Rarely has Albert Maier been so euphoric: "Now there's real joy. A great object," enthuses the expert when examining a bear sculpture. The three cute little animals were brought by Jacqueline Davenport from Essen. The 68-year-old has shrunk spatially and no longer has the necessary space for the impressive work of art made of solid bronze.
Maier praises the wonderful quality of the object. The execution is great overall. But that's not all. The 73-year-old can hardly be stopped in his enthusiasm: "Now, of course, comes the icing on the cake: a famous artist made it. Anton Büschelberger," he explains. The sculpture dates from between 1890 and 1900, is even signed and has a foundry stamp. Maier describes the condition as "perfect".
But when he hears the customer's desired price, the mood darkens for a moment: Davenport would like 700 euros. "700 is not possible," the art expert blurts out. After a brief moment of silence, he resolves the tension: he estimates the value of the sculpture at 2,000 to 2,500 euros.

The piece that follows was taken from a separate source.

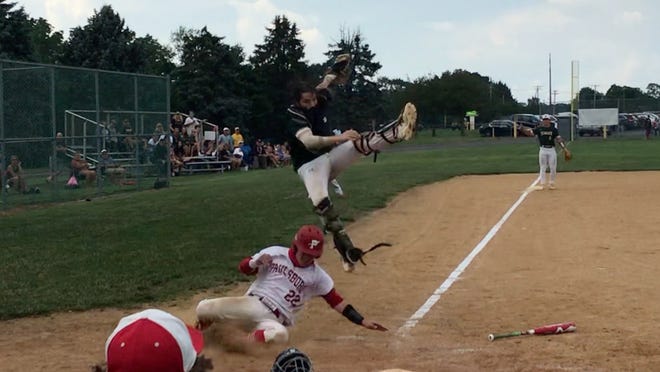Antonio Chile de Paulsboro está a salvo en casa cuando el receptor del Schalick, Cole DuBois, salta para lanzar un tiro al plato durante la semifinal del Grupo 1 de South Jersey el miércoles.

But Jacqueline Davenport is not going to New York or Paris, but to the dealership in Pulheim. The bear plastic is also well received there. "It puts you in a good mood," says Waldi happily. "I have a zoo room, they are really good there."
But the bids come from others: Thorsden Schlößner starts with 600 euros. Together with Christian Vechtel, he increases the price in 50 euro increments up to 1500 euros. Wolfgang Pauritsch joins in and bids 1600 - the Austrian has outdone all other competitors. "I promise you, they'll get a great seat," he says in the direction of Davenport. She is happy about the money. And about the fact that the plastic is in good hands.